Amnesty International a demandé à la Chambre de Lisbonne des éclaircissements urgents sur le partage de données de militants russes au Portugal avec les autorités russes, concernant une concentration dans la ville, considérant que l’affaire est extrêmement grave.

« Si confirmé – et nous lisons que la mairie de Lisbonne (CML) a déjà admis cet envoi de données – c’est très grave, mettant en danger les personnes qui ont organisé les manifestations en vertu du droit à la liberté de manifestation, d’expression et de réunion », a déclaré le directeur exécutif d’Amnesty International Portugal, Pedro Neto, contacté par l’agence Lusa.

Le partage de données, comme la municipalité l’a déjà admis, a eu lieu dans le cadre de l’organisation d’une concentration en solidarité avec l’opposant russe Alexey Navalny, détenu en Russie et a été rapporté mercredi par le journal Expresso.

Selon Amnesty, l’action de l’autarcie a mis en danger les organisateurs de l’initiative et les familles, « en particulier celles situées sur le territoire de la Fédération de Russie ».

« Au Portugal, il n’est pas nécessaire de demander l’autorisation de manifester. Il y a cependant une obligation d’informer la municipalité où elle aura lieu pour des questions de logistique et de sécurité publique », a expliqué le responsable de l’IA au Portugal.

« Il n’y a rien dans la loi, dans aucune loi au Portugal, qui dit que les municipalités doivent informer les résidents ou les institutions basées autour de l’espace public où les manifestations auront lieu, comme le prétend la CML dans un communiqué envoyé à la presse », a-t-il déclaré. ajouté. , faisant référence à la concentration à l’ambassade de Russie.

Pour Pedro Neto, la raison alléguée « n’est ni valable ni acceptable ».

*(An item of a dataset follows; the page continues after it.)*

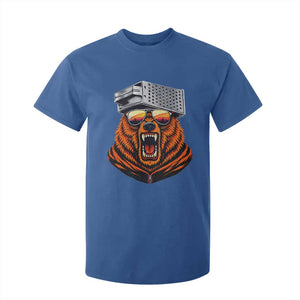 Bear With Cheese Grater Hat T Shirt For Kid Retro Foolball Fans TS10 Royal Blue Print Your Wear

« Les risques que courent les défenseurs des droits humains dans le monde sont publiquement connus, la répression, les intimidations et le harcèlement exercés contre les dissidents, les journalistes, les opposants politiques et les défenseurs des droits humains en Fédération de Russie sont publiquement connus », a-t-il déclaré.

Amnesty considère qu’en plus du devoir de protection des données, la mairie de Lisbonne a « un devoir de protéger les personnes qui interagissent avec elle » et ne peut pas transférer les données personnelles qui lui sont confiées à des tiers, « en dehors du champ d’application des dispositions prévues par le droit ».

« Est-ce que toutes les personnes et institutions qui ont déjà organisé des manifestations dans l’espace public du territoire de la municipalité de Lisbonne sont en sécurité ? Vos données d’informations de démonstration ont-elles été envoyées à des tiers ? », a demandé Pedro Neto.

La CML a annoncé aujourd’hui qu’elle avait modifié les procédures internes pour les manifestations afin de protéger les données personnelles des manifestants, à la suite d’une plainte déposée par des militants russes dont les données ont été partagées avec l’ambassade.

AH // SB

Amnesty International considère que le partage de données par CML par des militants russes est très sérieux et apparaît en premier dans Vision.